Amerykański watykanista John Allen różnicę tę podsumował następująco w wywiadzie dla dziennika "La Stampa": Benedykt XVI "bardzo dobrze reagował na prowokacje ze strony świata, był w tym lepszy niż w występowaniu z inicjatywami. Wydarzenia często zmuszały go do tego, by grać w obronie, podczas gdy Franciszek jest w ataku, jak Jan Paweł II".
Wśród watykańskiej hierarchii dominuje wręcz przekonanie, że z powodu swej niezależności i nieulegania żadnym wpływom Bergoglio jest "trudnym papieżem". Nigdy bowiem nie wiadomo, czego się po nim spodziewać i co za jego sprawą może się wydarzyć.
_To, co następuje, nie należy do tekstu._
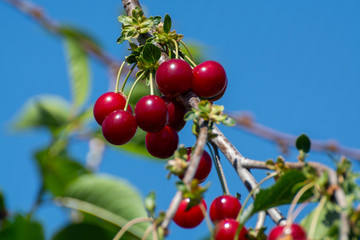 New harvest of Prunus cerasus sour cherry, tart cherry, or dwarf cherry in sunny garden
W specjalnym wywiadzie dla Radia Watykańskiego udzielonym pół roku po wyborze Franciszka rzecznik Stolicy Apostolskiej ksiądz Federico Lombardi wyraził opinię, że zainteresowanie nowym papieżem na świecie nie jest tylko powierzchowne. Przyczynia się do tego - zaznaczył - "styl, bezpośredni język, a także będący nowością tryb życia" papieża oraz nacisk, jaki kładzie on na "czułość". Jako jedną z najważniejszych cech tego pontyfikatu ksiądz Lombardi wskazał koniec dominacji europejskiego spojrzenia na Kościół, które nazwał wręcz "eurocentryzmem".
Watykański rzecznik powiedział też, że obecnie należy oczekiwać nie tylko wielkiej reformy Kurii Rzymskiej, lecz również szerzej - życia Kościoła. Następne miesiące - podkreślił rzecznik - przyniosą wiele "znaków i decyzji".